|
|
|
|
|
by lmeyerov
383 days ago
|
|
> But why? In the world you're positing where these queries are sold at negative margins and don't provide any other tangible benefit (i.e. cannot be used for training), the provider would be even better off not serving those queries. Or, more likely, they'd raise prices such that this traffic has positive margins, and they receive just enough for optimal batching. ... But scale from these specific workloads is only valuable because these workloads are already profitable I'm disputing this two-fold: - Software tricks like batching and hardware like ASICs mean what is negative/neutral for a small or unoptimized provider is eventually positive for a large, optimized provider. You keep claiming they cannot do this with positive margin some reason, or only if already profitable, but those are unsubstantiated claims. Conversely, I'm giving classic engineering principles why they can keep driving down their COGS to flip to profitability as long as they have capital and scale. This isn't selling $1 for $0.90 because there is a long way to go before their COGS are primarily constrained by the price of electricity and sand. Instead of refuting this... You just keep positing that it's inherently negative margin. In a world where inference consumption just keeps going up, they can keep pushing the technology advantage and creating even a slight positive margin goes far. This is the classic engineering variant of buttoning margins before an IPO: if they haven't yet, it's probably because they are intentionally prioritizing market share growth for engineering focus vs cost cutting. - You are hyper fixated on tokens, and not that owning a large % of distribution lets them sell other things . Eg, instead of responding to my point 2 here, you are again talking about token margin.
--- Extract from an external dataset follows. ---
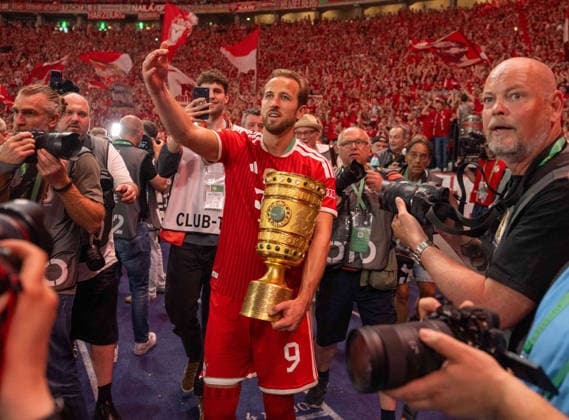 Fußball, Herren, Saison 2025 2026, 83. DFB-Pokal-Finale, FC Bayern München - VfB Stuttgart, Siegerehrung Bayern, Harry Kane (Bayern München) mit Pokal in der Ostkurve bei den Fans, 23.05. 2026, Copyright: xMatthiasxKochx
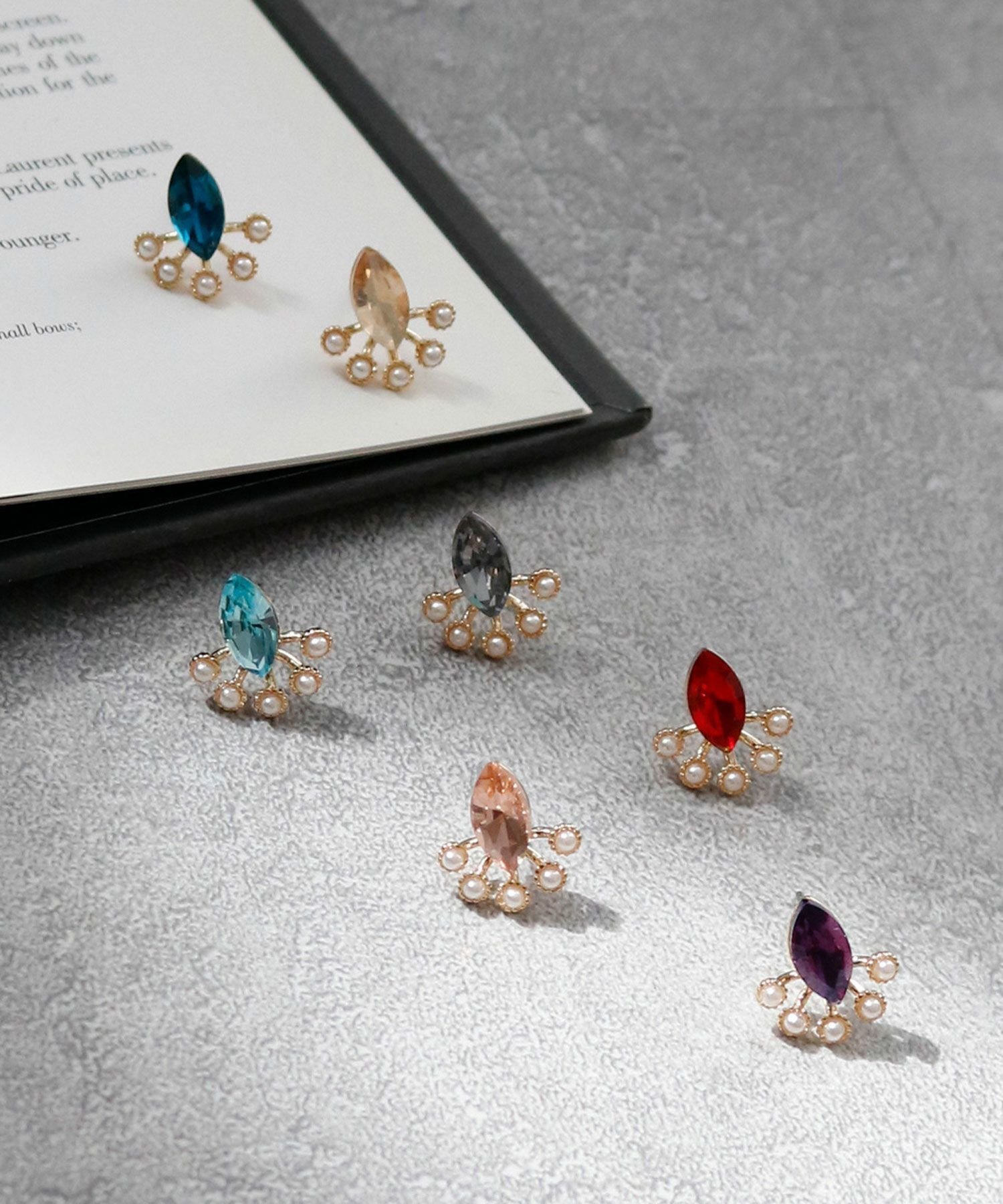 【ガール/GIRL】のビジュー×小粒フェイクパールピアス 人気、トレンドファッション・服の通販 founy(ファニー) ファッション Fashion レディースファッション Fashion for Women 新作・新入荷 New Arrivals / New In おすすめ Recommended / Our Picks オーバル Oval Design シンプル Simple, Minimal ビジュー Bijou, Jewel-like Accent プチプライス・低価格 Affordable / Budget Price 二次会 After Party 入学式 Entrance Ceremony 卒業式 Graduation Ceremony 披露宴 Wedding Reception 結婚式 Wedding other-1|ID: prp329100003801208 ipo3291000000030400047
Apple doesn't have to make money on transistors when they have a 30% tax on most app spend in the US. |
|
I think deepseek instead just showed they haven't really bothered yet. They rather focus on growing, and capital is cheap enough for these firms that optimizing margins is relatively distracting. Obviously they do optimize, but probably not at the expense of velocity and growth.
And if they do seriously want to tackle margins, they should pull a groq/Google and go aggressively deep. Ex: fab something. Which... They do indeed fund raise on.